Il Burkina Faso è uno stato dell’Africa Occidentale, privo di sbocchi sul mare; si trova a sud del Mali, nell’arido Sahel, lo abitano circa 10 milioni di persone, è tra gli ultimi paesi al mondo nelle statistiche sugli indici di sviluppo ma la sua capitale, Ouagadougou, è la sede riconosciuta del Festival del cinema panafricano. Colonia francese, nel 1960, come molti paesi africani, ottiene l’indipendenza e diventa la Repubblica dell’Alto Volta; nel 1984 il presidente rivoluzionario Thomas Sankara (fratello di Odile) ne cambia il nome in Burkina Faso.

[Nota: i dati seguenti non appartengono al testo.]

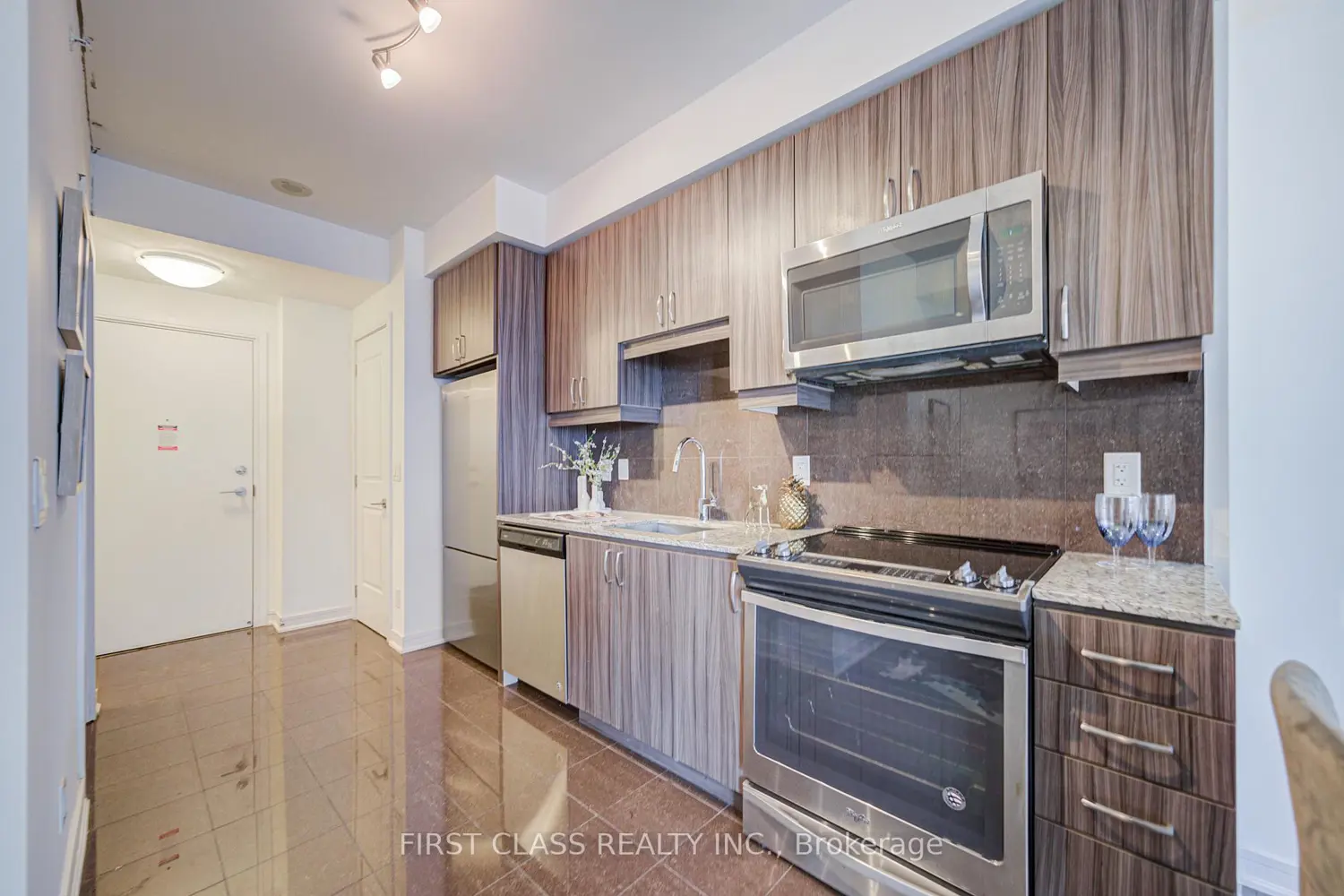 Additional image 5 of 9201 Yonge St Street 911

Thomas da subito prova a instaurare una sorta di socialismo africano, praticando una rigida politica autarchica africana. Dal 1983 al 1987 rivoluziona e migliora la vita del suo popolo. Un personaggio scomodo, che fa davvero qualcosa di concreto, dimostrando che non è impossibile combattere la povertà e la fame con i fatti, con l’obiettivo di affrancare il Burkina dai Paesi europei e dalla colonizzazione. I suoi discorsi e le sue azioni politiche scuotono le coscienze e preoccupano l’Occidente. Sankara è ucciso nel 1987, durante un colpo di Stato organizzato da un suo ex compagno d’armi (e poi suo braccio destro) l’attuale presidente del Burkina Faso, Compaorè, con l’appoggio di Francia e USA.

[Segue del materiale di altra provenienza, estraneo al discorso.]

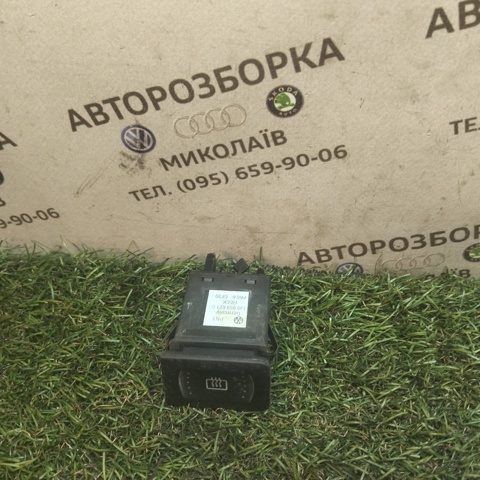 Кнопка включения обогрева заднего стекла 1J0959621C VAG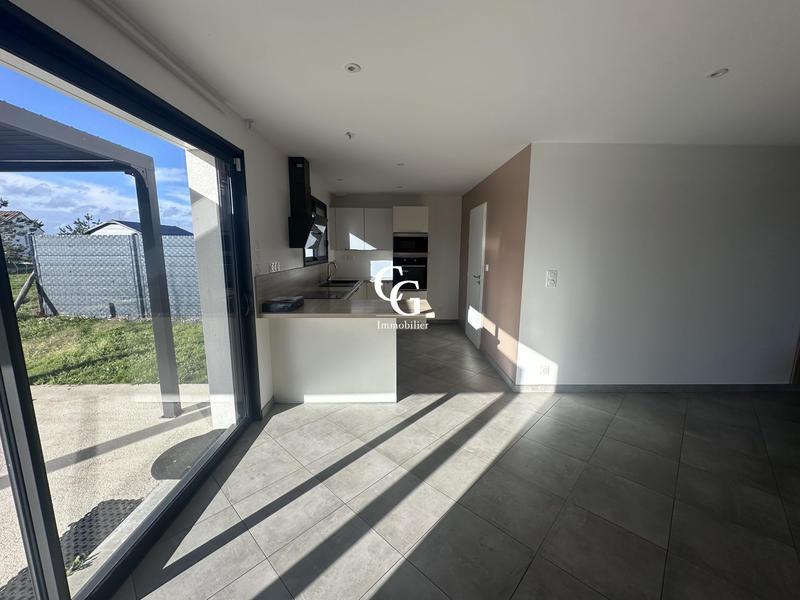 Maison - 99 m² - 5 pièces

Odile, la sorellina di Thomas, tenta di portare avanti le idee del fratello, coniugandole a modo suo. “La dominazione culturale è la più flessibile, la più efficace, la meno costosa. Il nostro compito consiste nel decolonizzare la nostra mentalità.” (Thomas Sankara). E Odile studia e prova a coniugare la politica con la sua passione e il suo talento per il teatro, per decolonizzare ed educare le donne, quindi i villaggi interi.

Odile è una narratrice, racconta storie, in francese, lasciando loro il fascino e il sapore delle storie africane raccontate dai griot, i cantastorie, gli uomini-biblioteca che, nella cultura orale di quelle regioni, erano in grado, tramite una eredità culturale tramandata di padre in figlio, insieme alle tecniche del racconto, di narrare la storia della regione dall’antichità ai tempi nostri.

Odile ha deciso di votarsi alle donne del suo paese e, con l’aiuto di altre attrici, ha costituito una associazione, “Talents de femmes”, che si occupa di teatro, insieme alle donne burkinabè dei villaggi.

Parliamo. Sono affascinata dalla sua analisi precisa e dettagliata della situazione odierna, africana e mondiale, decido (non sono una giornalista) di non registrare nè prendere appunti, di lasciarmi pervadere dalla conversazione, lasciarmi portare….

 L’Associazione (Atf) è nata nel 1995 da un gruppo di donne artiste (teatranti, danzatrici…). Il suo scopo iniziale era di lottare contro i pregiudizi sulla presenza delle donne nell’arte e nello spettacolo. Presto questo scopo divenne un pretesto per interessarsi della donna nei diversi ambiti culturali. Promuovere il talento femminile, incitare la donna ad avere fiducia in se stessa, attraverso l’arte, permette alle artiste di rendere protagonisti anche le donne nei villaggi delle periferie, donando loro la sicurezza del proprio valore, sostenendole nella promozione dei propri diritti. La donna artista, la giovane, quella dei villaggi, con la sua dignità personale e sociale, con la sua produzione artistica ed artigianale, diventa una figura accettata e rilevante nella società, promotrice di cambiamento.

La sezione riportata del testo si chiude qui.